Converting pdf to text

Ask specific questions about your target languages. Beginner questions welcome!
User avatar
tommus
Blue Belt
Posts: 957
Joined: Sat Jul 04, 2015 3:59 pm
Location: Kingston, ON, Canada
Languages: English (N), French (B2), Dutch (B2)
x 1937

Re: Converting pdf to text

Postby tommus » Thu Mar 02, 2017 8:47 pm

rdearman wrote:You can use imagemagik for the conversion and do them in mass. http://www.imagemagick.org/script/index.php

I have imagemagick but I'm not very "fluent" with it. The GUI version mainly just displays images. The command-line version is much more powerful but has so many commands and options that it has a considerable learning curve. However, it is dead simple once you figure out what you have to do to convert a bunch of TIFs to a single PDF.

magick *.tif a.pdf

Then you can drop a.pdf into Google Drive and open it in Google Docs.

I thought that magick *.tif *.pdf would convert each tif to a single pdf, but that won't run.

And I thought that magick *.tif -append a.pdf would put all the TIFs into a single PDF. It does, but the size of the text/font is extremely tiny (about 1/10th). Strange.

Anyway, magick *.tif a.pdf works just fine. Thanks rdearman. That speeds up the process.
1 x
Dutch: 01 September -> 31 December 2020
Watch 1000 Dutch TV Series Videos : 40 / 1000

User avatar
coldrainwater
Blue Belt
Posts: 686
Joined: Sun Jan 01, 2017 4:53 am
Location: Magnolia, TX
Languages: EN(N), ES(rusty), DE(), FR(studies)
Language Log: https://forum.language-learners.org/vie ... =15&t=7636
x 2381

Re: Converting pdf to text

Postby coldrainwater » Fri Mar 17, 2017 4:09 am

For some time, we used pdf to excel converters until we outgrew them. It may not help you with this project, but now when I need to parse PDF documents, I rely on a .NET C# library called itextsharp. It is free and you can choose which 75 pages of text you wish to try.
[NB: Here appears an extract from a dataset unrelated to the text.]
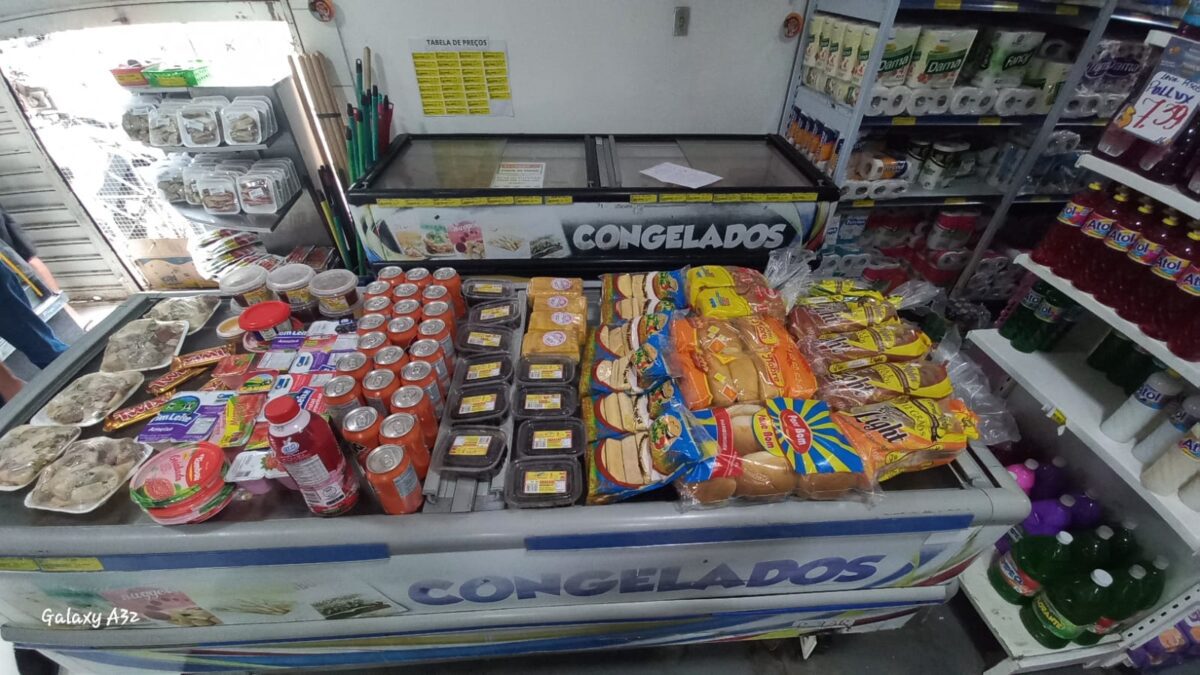 Procon apreende mais de 70 produtos impróprios para consumo em mercadinho de Campina Grande Procon, Campina Grande, apreensão, produtos vencidos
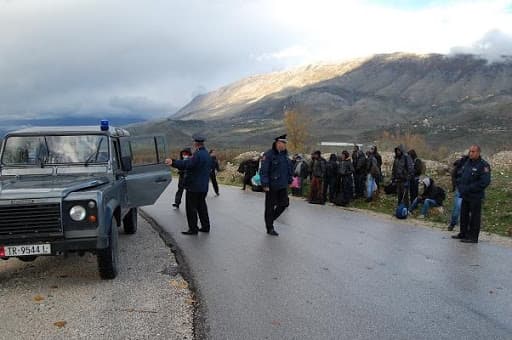 Transportonte emigrantë të paligjshëm, arrestohet 32-vjeçari në Gjirokastër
With higher quality and more regular PDF documents, I have even had success with simple regular expression libraries (after converting via itextsharp) to extract the patterns that I am most interested in.

For the record, you can also count me amongst the group that loves PDFTK. Very powerful tool. Most often I have used it to burst large PDF documents into single pages.

If you can find a pattern, you can typically reduce the amount of manual work you need to do to a very manageable subset of the original task.
2 x

User avatar
MorkTheFiddle
Black Belt - 2nd Dan
Posts: 2113
Joined: Sat Jul 18, 2015 8:59 pm
Location: North Texas USA
Languages: English (N). Read (only) French and Spanish. Studying Ancient Greek. Studying a bit of Latin. Once studied Old Norse. Dabbled in Catalan, Provençal and Italian.
Language Log: https://forum.language-learners.org/vie ... 11#p133911
x 4822

Re: Converting pdf to text

Postby MorkTheFiddle » Fri Mar 17, 2017 5:35 pm

coldrainwater wrote:For some time, we used pdf to excel converters until we outgrew them. It may not help you with this project, but now when I need to parse PDF documents, I rely on a .NET C# library called itextsharp. It is free and you can choose which 75 pages of text you wish to try. With higher quality and more regular PDF documents, I have even had success with simple regular expression libraries (after converting via itextsharp) to extract the patterns that I am most interested in.

For the record, you can also count me amongst the group that loves PDFTK. Very powerful tool. Most often I have used it to burst large PDF documents into single pages.

If you can find a pattern, you can typically reduce the amount of manual work you need to do to a very manageable subset of the original task.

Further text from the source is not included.